Dr. Derek Sainsbury: 10:46 And in the fall of 1843, as it looks, people are becoming more upset, more of us are arriving, looks like this Zion experiment could be headed toward persecution, again. We don’t want to repeat a Missouri. Joseph’s kind of last decision is to reach out to the candidates running for President of the United States and ask, what will you do if you’re elected, regarding us? Here’s our history, so forth. And three of them respond of the five, which actually shows that Joseph had become a person of importance in the nation, that they would actually take the time to respond. But all three of them say the same thing. We can’t do anything.

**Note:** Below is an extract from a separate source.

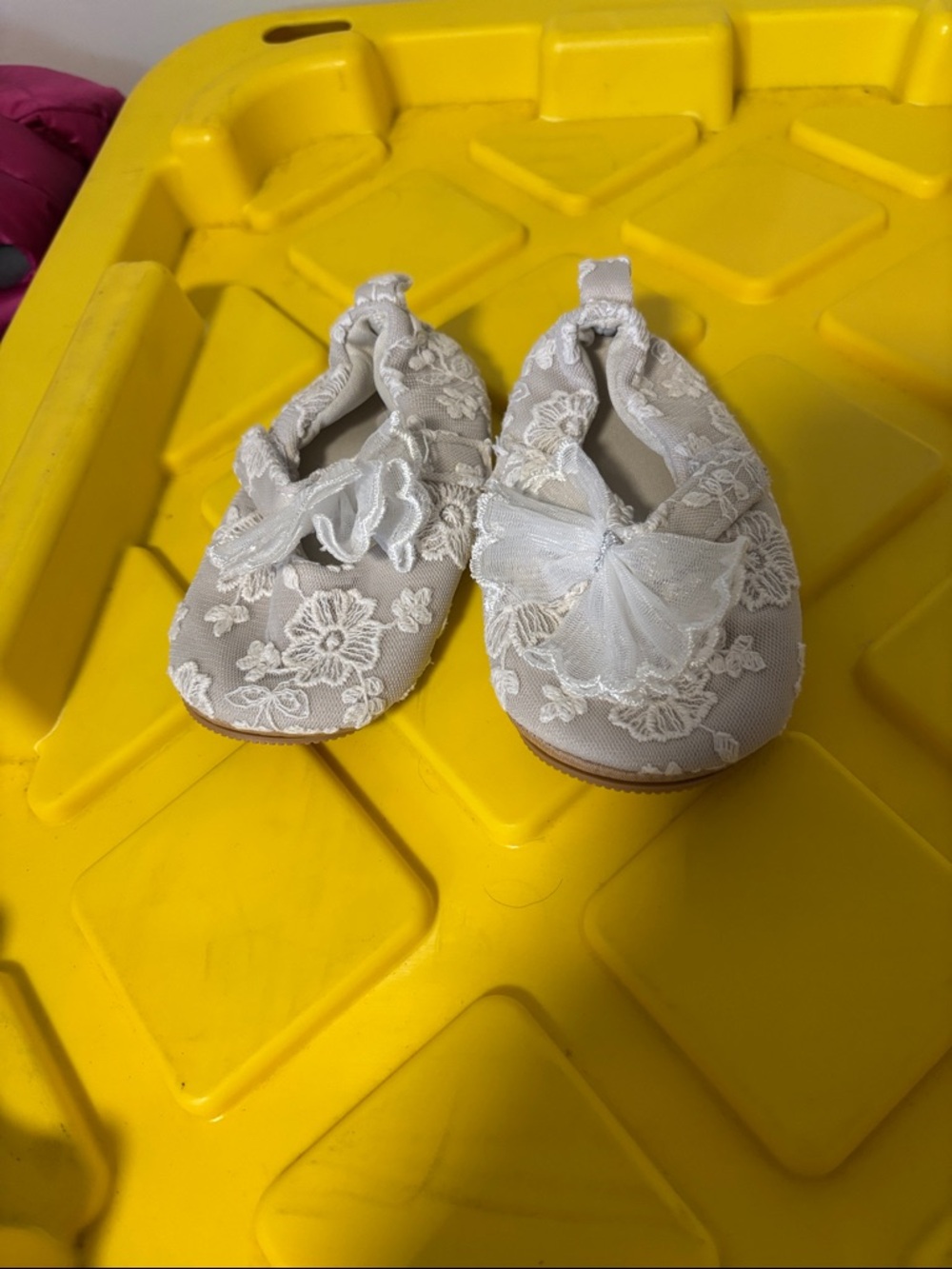 Baby Lace Bow Shoes in Ivory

John Bytheway: 11:30 Would Latter-day Saints know any of these three?

Dr. Derek Sainsbury: 11:33 So the three that respond are Van Buren, who says, I told you what I told you.

John Bytheway: 11:38 Yeah.

Dr. Derek Sainsbury: 11:39 Henry Clay, who’s the great legislator and ends up being the Whig candidate who says the same thing says, I told you in Washington, probably the best thing for you to do is to go to Oregon. And then John C. Calhoun is very famous. He’s running, he’s been in there forever. He’s the big state’s rights guy of the South, stay out of our business, slavery’s our business kind of a guy. And so his response to Joseph is… He didn’t meet with him. So he says, this is a state’s rights issue and you stay out of it. And actually Joseph writes a very stinging rebuke that’s printed in newspapers, all across the country, especially the Whig newspapers. Where he takes Calhoun to task about, well, yeah. Well, what if it’s the state government, that’s actually doing the persecuting.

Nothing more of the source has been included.